Figure 8. Relationships between displacement and force in out-of-plane direction.

Figure 9. Effect of string tension on stiffness in out-of-plane direction.

3.2. Numerical Simulation of Mechanical Characteristics of Tennis Racket String Bed

Numerical simulations were conducted for a tennis racket (shown in Figure 10) to evaluate the out-of-plane stiffness and the in-plane slip effect of intersections. The out-of-plane stiffness of the tennis racket string bed and the sliding intersections of main and cross strings were calculated using the proposed method. Tennis ball load was assumed to be diagonal at 30 degrees in the x-z plane at the center, bottom and top points of the string bed, respectively. The geometric shape was measured on the actual racket. The frictional coefficient $\mu$ between the main and the cross strings was assumed to be 0.2. In Figure 11, the calculated distributions of the displacements of the tennis racket string bed are shown. Depending on the vertical position of the racket, there were no large differences in the distribution of the deformation in the out-of-plane direction. In Figure 12, displacement of the intersections in the in-plane direction are shown. The load at the red intersections was greater than the maximum frictional force $f_N^{max\left(i\right)}$, and this indicates that the intersections slid. In Figure 13, the relationships between displacement and force in the out-of-plane direction are shown. The out-of-plane stiffness of the simulated racket was not affected by the vertical position of the string bed. The effect of string diameter on sliding when loading to the center point is shown in Figure 14. Because strings with small diameters can easily slide laterally, it is expected that spin performance of actual rackets will be enhanced with the use of thin strings.

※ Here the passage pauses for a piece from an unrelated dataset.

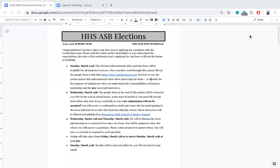Hello everyone, my name is Rohan Zambar and I'm your ASB treasurer for the 2019-2020 school year. Part of my job is to run ASB elections, so here I am. Please make sure that you listen to the entire video and go through the entire packet with me because it contains a lot of new information about how we're running elections this year, since we are in a different situation from past years with the shelter in place.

Figure 10. Tennis racket for simulation.

Figure 11. Simulated results of deformation of string bed in tennis racket (force=100 N, display 10 times displacement in out-of-plane direction).

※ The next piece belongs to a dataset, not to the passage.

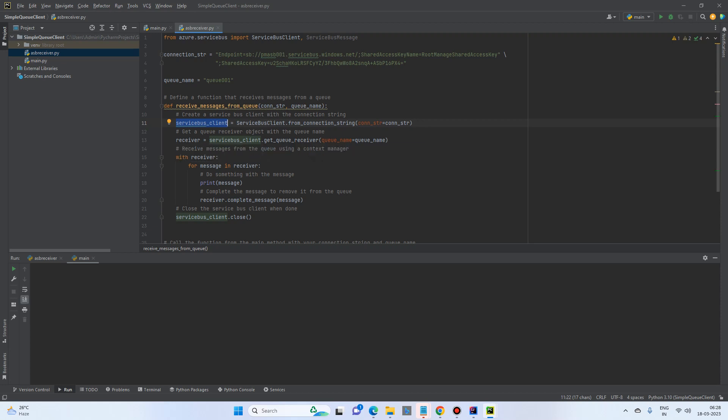And we will iterate over the receiver and it will continuously be listening. So we have with receiver as an object, for message in the receiver, we print the message and we'll complete the message.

Figure 12. Simulated results of sliding intersections of tennis racket (intersections that slid ware shown as red circles, non-sliding intersections are shown as blue circles).

Figure 13. Effect of loading position on out-of-plane stiffness.

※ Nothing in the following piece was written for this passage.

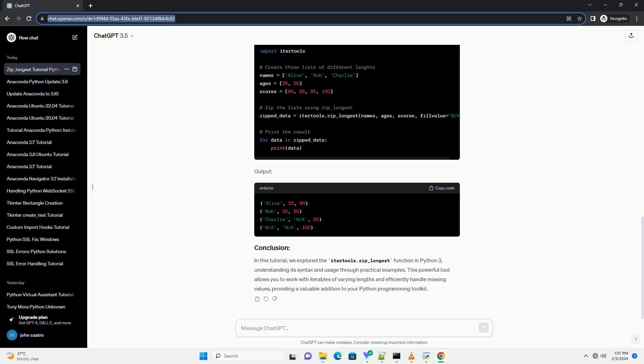In this tutorial, we explored the itertools.zip_longest function in Python 3, understanding its syntax and usage through practical examples. This powerful tool allows you to work with iterables of varying lengths and efficiently handle missing values, providing a valuable addition to your Python programming toolkit.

Figure 14. Effect of string diameter on sliding of intersections.

4. Conclusions

In order to construct a design method using a numerical analysis of racket performance, we modeled the tennis racket string bed using a finite element method. String-bed specimens were prepared, and the applicability of our proposed method was confirmed by comparing the numerical simulations with experimental data. It was possible to predict the distribution of the out-of-plane stiffness and slip performance of the actual racket strings using this simulation method.